Die Wellnessbranche boomt seit Jahren, Thermen schießen wie Pilze aus dem Boden. Um dem Gast trotz des Überangebotes weiterhin etwas Besonderes bieten zu können, setzen immer mehr Betriebe auf den Schwerpunkt Gesundheit. Sind Urlauber früher zum Entspannen nach Griechenland oder Italien ans Meer gefahren, entscheiden sie sich heute für eine Venenwoche oder Heilfasten in Österreich. Die Betriebe leisten sich dafür auch einen hoteleigenen Arzt - oder gleich ein ganzes Team davon.

"Das öffentliche Gesundheitssystem kann nicht mehr alle Lasten tragen"

Auch die österreichische Ärztekammer bestätigt, dass die Zahl der Arztbesuche im niedergelassenen Bereich in den letzten Jahren kontinuierlich im Steigen ist. Ein Grund dafür sei unter anderem, dass die Bevölkerung immer älter wird.
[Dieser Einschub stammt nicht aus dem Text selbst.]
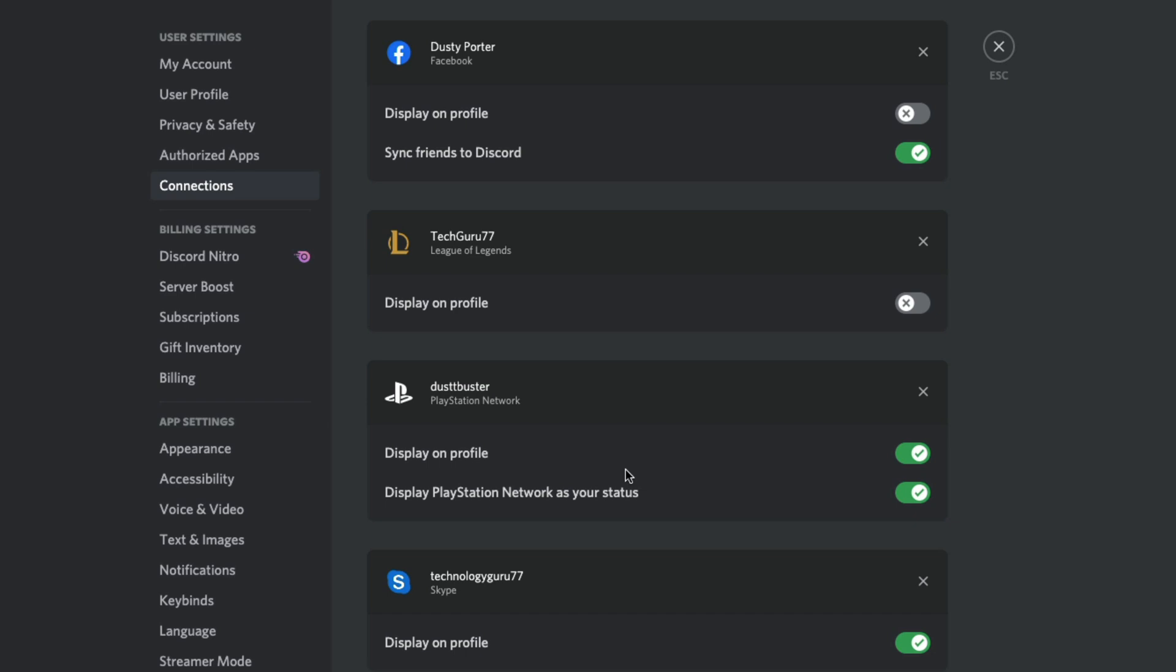This is new. This is only available for certain regions and areas. So do be aware of this. It will be released for your area very soon, but this is how you connect your PlayStation Network. Now let's hop over to the phone and show you how to do it over there on your mobile device.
Franz Rauchenberger, Thermenland Steiermark-Geschäftsführer, sieht die Ursache für die häufigeren Arztbesuche im Gesundheitssystem: "Heutzutage ist der Druck höher, etwas für die private Gesundheitsvorsorge zu tun. Das öffentliche Gesundheitssystem kann nicht mehr alle Lasten tragen." Auch er ist sich sicher, dass der Trend im Tourismus Richtung Gesundheit geht: "Der Gast hat eine Vorstellung davon, was er erreichen möchte und wir möchten ihm das auch bieten, da gehört ein Arzt eben dazu." Hotels würden sich daher für einen zusätzlichen Arztservice entscheiden, um dem Gast auch fundierte Ergebnisse liefern zu können.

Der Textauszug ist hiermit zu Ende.